# Feature Store - A unified storage of curated features

This notebook is intended to help you get started with Feature Store in the H2O AI Cloud using python.

* **Product Documentation:** https://docs.h2o.ai/feature-store/latest-stable/docs/index.html

## Prerequistes

Update the `h2o_ai_cloud.py` file with the connection parameters for your H2O AI Cloud environemnt:
1. Login to your H2O AI Cloud environment
1. Click your username or avatar in the H2O AI Cloud navigation bar
1. Navigate to `CLI & API Access`
1. Use the variables from the `Accessing H2O AI Cloud APIs` section to populate the parameters

In [3]:
from getpass import getpass

from h2o_ai_cloud import token_provider, fs_client
from featurestore import CSVFile, Schema

from pyspark.sql import SparkSession

## Securely connect to the platform
We first connect to the H2O AI Cloud using our platform token to create a token provider object. We can then use this object to log into Feature Store.

In [5]:
client = fs_client(token_provider())

## Understand the environment

In [None]:
client.get_version()

## Configure spark for Feature Store 

In [None]:
spark = SparkSession.builder \
    .master("local") \
    .config("spark.jars.packages", "org.apache.hadoop:hadoop-aws:3.3.1,com.amazonaws:aws-java-sdk-bundle:1.12.238,io.delta:delta-core_2.12:1.2.1") \
    .config("spark.sql.extensions", "io.delta.sql.DeltaSparkSessionExtension") \
    .config("spark.sql.catalog.spark_catalog", "org.apache.spark.sql.delta.catalog.DeltaCatalog") \
    .getOrCreate()

spark.sparkContext.setLogLevel("ERROR")

## Define data source 
Feature Store supports different data sources - https://docs.h2o.ai/feature-store/latest-stable/docs/supported_data_sources.html

In [27]:
source = CSVFile("s3a://h2o-public-test-data/smalldata/gbm_test/titanic.csv")
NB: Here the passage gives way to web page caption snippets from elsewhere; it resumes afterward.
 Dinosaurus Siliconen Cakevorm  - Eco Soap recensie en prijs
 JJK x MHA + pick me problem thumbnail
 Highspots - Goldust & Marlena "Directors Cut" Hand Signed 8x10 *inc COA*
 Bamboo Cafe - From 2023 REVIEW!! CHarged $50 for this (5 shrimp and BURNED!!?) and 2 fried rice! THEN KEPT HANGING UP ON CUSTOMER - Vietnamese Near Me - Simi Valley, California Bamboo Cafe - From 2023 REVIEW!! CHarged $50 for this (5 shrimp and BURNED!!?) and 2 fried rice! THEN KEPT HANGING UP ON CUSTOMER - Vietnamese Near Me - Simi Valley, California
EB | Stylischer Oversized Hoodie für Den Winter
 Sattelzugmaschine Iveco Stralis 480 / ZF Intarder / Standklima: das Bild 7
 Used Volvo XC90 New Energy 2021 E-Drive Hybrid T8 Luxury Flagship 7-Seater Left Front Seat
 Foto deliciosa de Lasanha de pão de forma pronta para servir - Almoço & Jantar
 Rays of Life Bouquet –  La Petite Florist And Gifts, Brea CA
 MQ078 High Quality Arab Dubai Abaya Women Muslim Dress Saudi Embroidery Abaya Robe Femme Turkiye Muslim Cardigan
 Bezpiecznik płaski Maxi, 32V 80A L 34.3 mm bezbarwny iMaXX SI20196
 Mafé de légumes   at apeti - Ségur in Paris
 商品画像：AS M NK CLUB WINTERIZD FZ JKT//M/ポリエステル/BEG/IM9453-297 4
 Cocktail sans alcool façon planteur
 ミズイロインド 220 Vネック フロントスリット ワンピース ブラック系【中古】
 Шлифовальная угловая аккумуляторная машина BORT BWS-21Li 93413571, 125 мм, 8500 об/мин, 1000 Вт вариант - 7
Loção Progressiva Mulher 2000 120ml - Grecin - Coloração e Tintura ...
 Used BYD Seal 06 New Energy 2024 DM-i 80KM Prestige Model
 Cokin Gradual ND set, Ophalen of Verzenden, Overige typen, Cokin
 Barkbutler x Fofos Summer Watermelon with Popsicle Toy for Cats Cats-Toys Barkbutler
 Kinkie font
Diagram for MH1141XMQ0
## Extract schema from data source
The schema represents the features of the feature set

In [4]:
schema = client.extract_schema_from_source(source)

## Create a project
User can follow naming conventions mentioned in here - https://docs.h2o.ai/feature-store/latest-stable/docs/api/naming_conventions.html

In [29]:
project = client.projects.create("sample_project")

## Create a feature set

In [30]:
feature_set = project.feature_sets.register(schema, "sample_fs")

## Ingest data from source
Uploading data into Feature Store

In [5]:
feature_set.ingest(source)

## Retrieve the data

In [32]:
reference = feature_set.retrieve()

## Download features
Download the files from Feature Store

In [6]:
reference.download()

## Obtain data as a Spark Frame 
Download features as spark dataframe

In [7]:
reference.as_spark_frame(spark).show()

### Prepare a schema from a string
Schema can be created from a string format

In [35]:
schema_str = "id integer, value string"
schema = Schema.create_from(schema_str)

### Create another feature set

In [36]:
fs_online = project.feature_sets.register(schema, "sample_fs_online", primary_key="id")

## Ingest data from Online Feature Store

In [37]:
fs_online.ingest_online('{"id": 1, "value": "test"}')

## Retrieve data from Online Feature Store

In [10]:
fs_online.retrieve_online(1)

## Delete a feature set

In [8]:
fs_online.delete()

## Delete a project

In [9]:
project.delete()

## Clean up

In [2]:
!rm